Land has never been afraid to speak his mind. In 1998, he championed the Baptist boycott of Disney over gay-themed events at amusement parks. “Do they expect Mickey to leave Minnie and move in with Donald?” Land told the 1998 Southern Baptist Convention, according to the Orlando Sentinel. “That’s Goofy!”
Richard Land stood on the steps of the state Capitol in Nashville in late March, surrounded by more than a dozen young Catholic nuns dressed in the long white habits of the Dominican Sisters of St. Cecilia.
He’d just given a speech denouncing the Obama administration’s contraceptive mandate for employers — accusing the president of trampling the rights of religious groups.
Now he stood smiling like a preacher shaking hands at the back door of a church. He greeted each nun in turn, asked her name and hometown, and had the whole group, known for their musical prowess, smiling and laughing.
“I was feeling down before I came here today,” he said. “Maybe I should have you come over and sing at our offices.”
For the past 24 years, Land, president of the Southern Baptists’ Nashville-based Ethics and Religious Liberty Commission, has used his folksy charm and fiery rhetoric to become one of the leading voices of the Religious Right and the public face of Southern Baptists, the nation’s largest Protestant group.
Now Land’s future is in doubt. He’s being investigated by a Baptist committee for his remarks about the Trayvon Martin shooting and for alleged plagiarism.
The committee will issue its report by Friday, and there’s a possibility that Land could lose his job.
Lessons from mom
Land, a 65-year-old Franklin resident, is a study in contradictions.
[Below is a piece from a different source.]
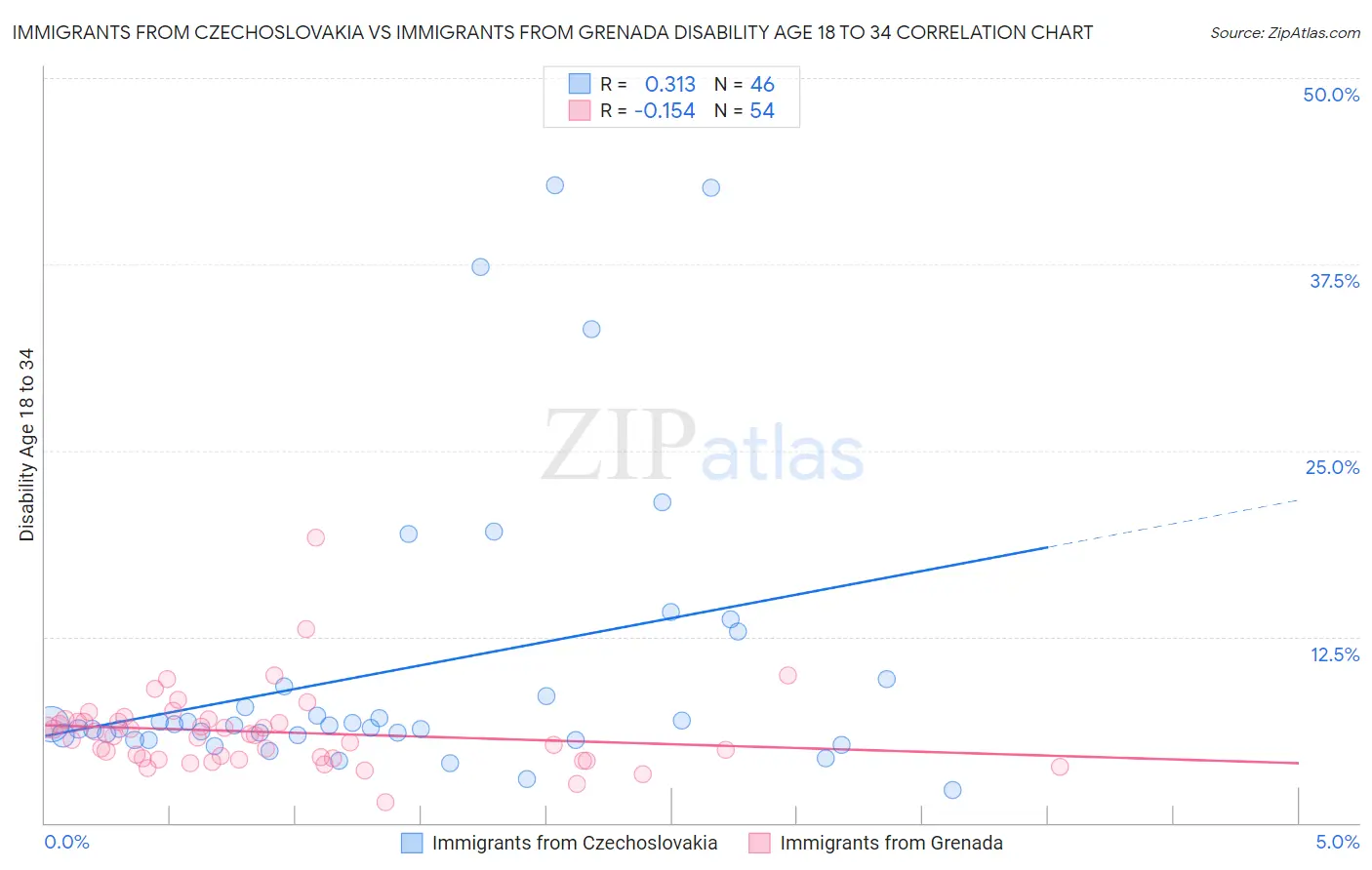Immigrants from Czechoslovakia vs Immigrants from Grenada Disability Age 18 to 34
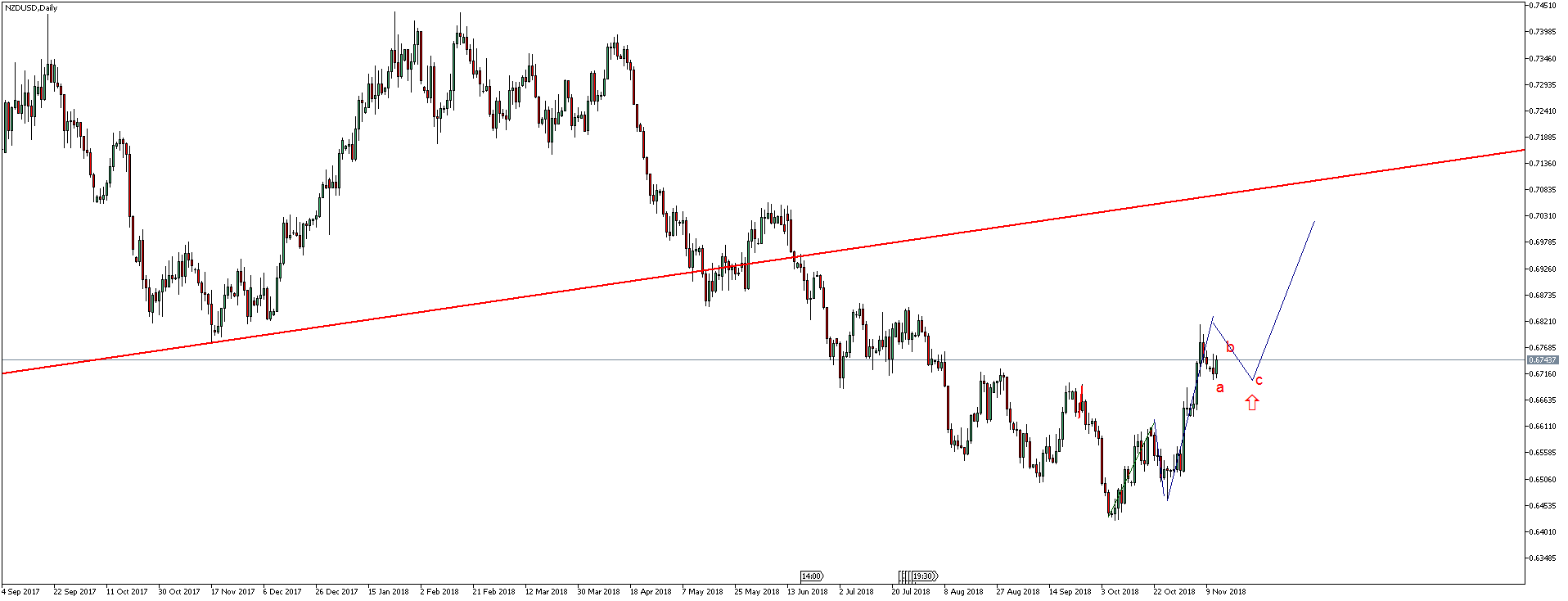 NDZUSD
The son of a Houston welder, he’s an Ivy League graduate with a doctorate from Oxford University.
A proud Texan, he’s also a lifelong Boston Red Sox fan, who keeps an autographed photo and bat from his boyhood hero Ted Williams in his Nashville office.
He believes wives should obey their husbands but admires former British Prime Minister Margaret Thatcher. Land’s wife, Rebekah, has a doctorate in counseling and runs a private practice in Brentwood.
He opposes gay marriage and abortion. But he favors immigration reform, including a path to citizenship for people in the country illegally, and criticized the Bush administration’s support of waterboarding.
During the controversy over the construction of the new Islamic Center of Murfreesboro, he spoke up in favor of the mosque.
“It’s time for this nonsense to end,” he said in August 2010. “The First Amendment guarantees people the right to worship where they live.”
That’s a lesson he learned from his Baptist mother growing up in Houston. When he complained about Jehovah’s Witnesses and Mormons knocking on the door, she defended them.
If the government can restrict the rights of Mormons or Jehovah’s Witnesses, she told him, then it also can come after Baptists.
“That’s always stuck with me,” Land said.
Many battles
Land owes his interest in politics to his parents. His mom was a Republican from Boston; his dad a Democrat from Houston.
That made the 1960 presidential election tense at the Land house. Since the election was on a school night, Land and his younger brother Kenneth went to bed before it was over.
“The next morning, I remember my dad standing at the mirror, whistling the Tennessee Waltz while he was shaving,” Land said. “He only did that when he was in a good mood, so I had a pretty good idea who had won.”
Land knew he was going to be a preacher from the time he was 14. He hoped to attend the University of Texas before seminary but a school counselor insisted that he apply to Princeton University, too, lending him the money for the application.
At Princeton, Land learned to get along with people who held different beliefs.
That remains one of Land’s strengths, said Jim Wallis, a progressive Christian preacher and author who founded Washington-based Sojourners magazine.
Wallis and Land disagree on politics but often speak together at conferences, such as the Q gathering of evangelicals in Washington in April, where their talk was titled “What Can We Agree On?”